What I never tried to understand was why this wasn’t enough. I thought that to run fast, you had to train fast. That to get faster you had to keep going at top speed and hang on. It was only when I read Douillard that I began to learn there was a different way to train. But I tried it and it didn’t work for me because of how endurance is created. I continued to play other sports while trying to be a runner and those sports kept pushing down my endurance and taking me back to the speed that would be more appropriate to a sprinter. I now know it takes a couple of months for endurance to start showing up and even then you have to keep working at it and avoid overdoing the speed side too much. While my “train hard, play hard” mentality was great for playing team sports, it didn’t help my running.

I tried Douillard’s nose-breathing and low heart-rate method one more time in 2009 but again I found myself ambling along. Eventually I took off the shackles and began running regularly however I liked. Long distance running still wasn’t easy but I was getting out three to four times each week. I still had the stamina runs two or three times each week with 6K at lunchtime but – and this is the critical component – I no longer played team sports and thus did much less speed-building. Early in 2010, I ran a 10-mile race and surprised myself with a fast-finishing time of 1hr16. Three weeks later, I set a half marathon PB of 1hr38min30 – over ten minutes quicker than any I’d ever done before. Six months later I ran a 3hr41 marathon despite having missed a month of training due to a calf injury. I still hadn’t conquered endurance but I now realise less speed-building and more regular running were critical to the improvement.

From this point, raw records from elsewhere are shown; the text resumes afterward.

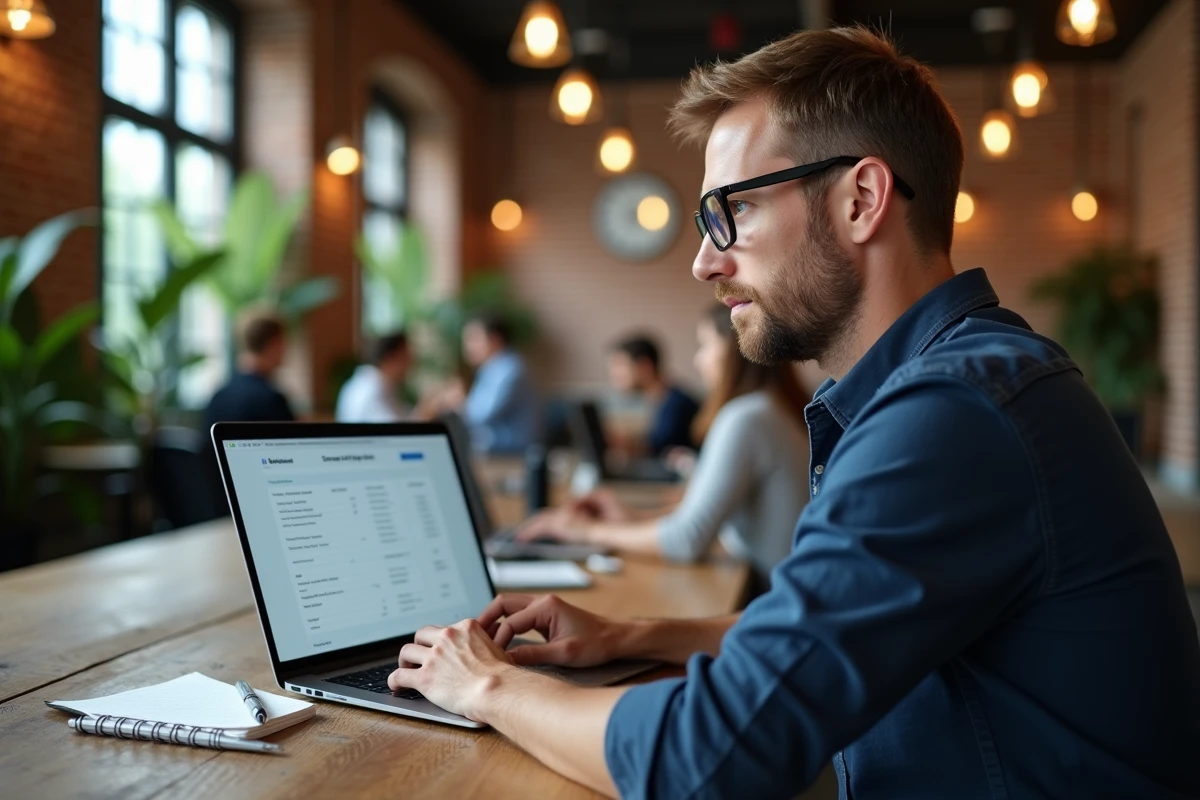Freelance en espace de coworking créant un modèle de facture auto-entrepreneur sur son ordinateur portable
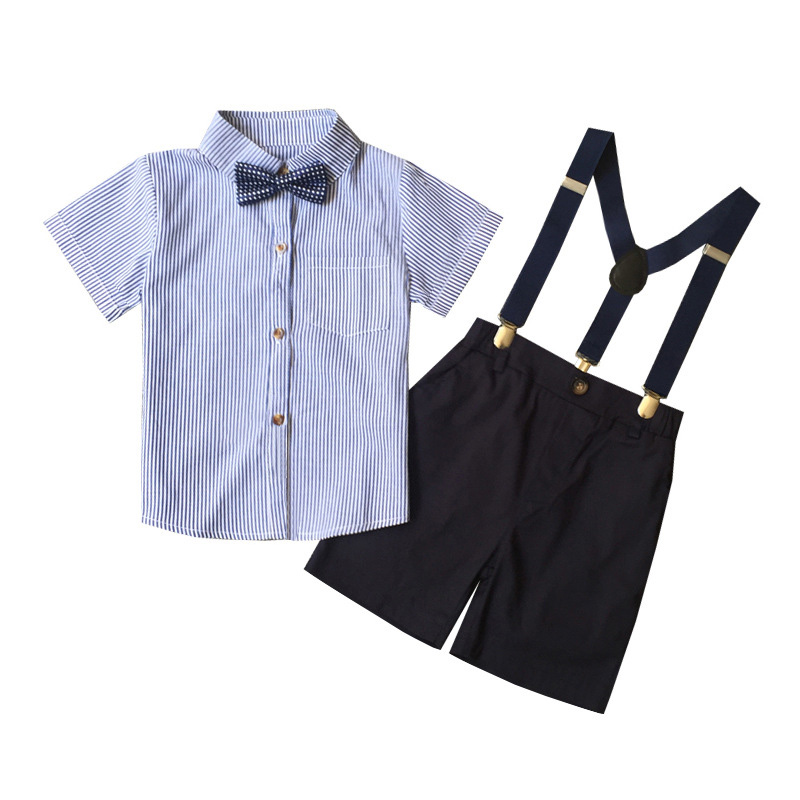 男童夏季套装婴儿衣服男宝宝绅士背带裤一周岁礼服婚礼花童西装潮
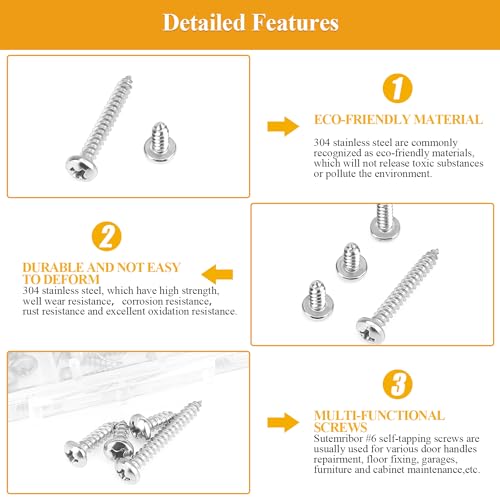 185 Pieces #6 x 3/8" 1/2" 5/8" 3/4" 1" Wood Screws Set, Phillips Pan Head #6 Self-Tapping Screws Assortment Kit, 304 Stainless Steel - size: #6, style: Phillips Pan Head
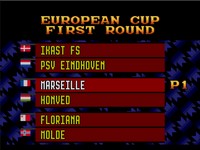 une photo d'Ã©cran de European Club Soccer sur Sega Megadrive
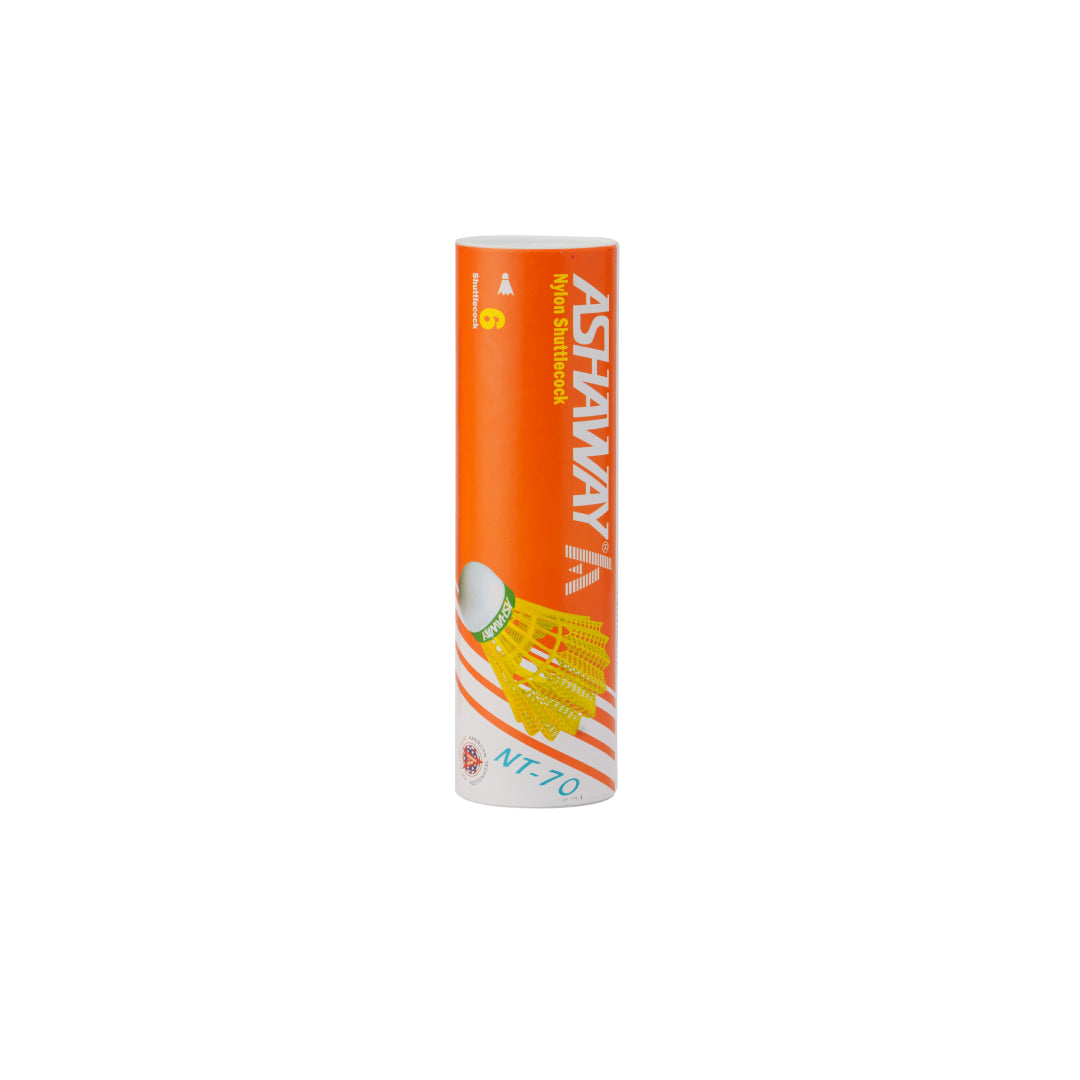 ASHAWAY NT-70 Nylon Shuttlecock – Ideal for Beginners (6pcs Tube)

The truth is, I still didn’t understand what endurance or aerobic bases were but I was running faster. When I got involved with parkrun and began running almost daily, it didn’t take much to see my times get even better. Sub-19 for parkrun, 41-mins for 10K, 1hr09 for 10-miles and 1hr31 for half-marathon in the first year. Eventually I began to see the low heart-rates Douillard had promised and my runs felt easy. But it took until 2017 for me to finally understand how to really create endurance and be running how Douillard had promised. The details are however, another story waiting to be told.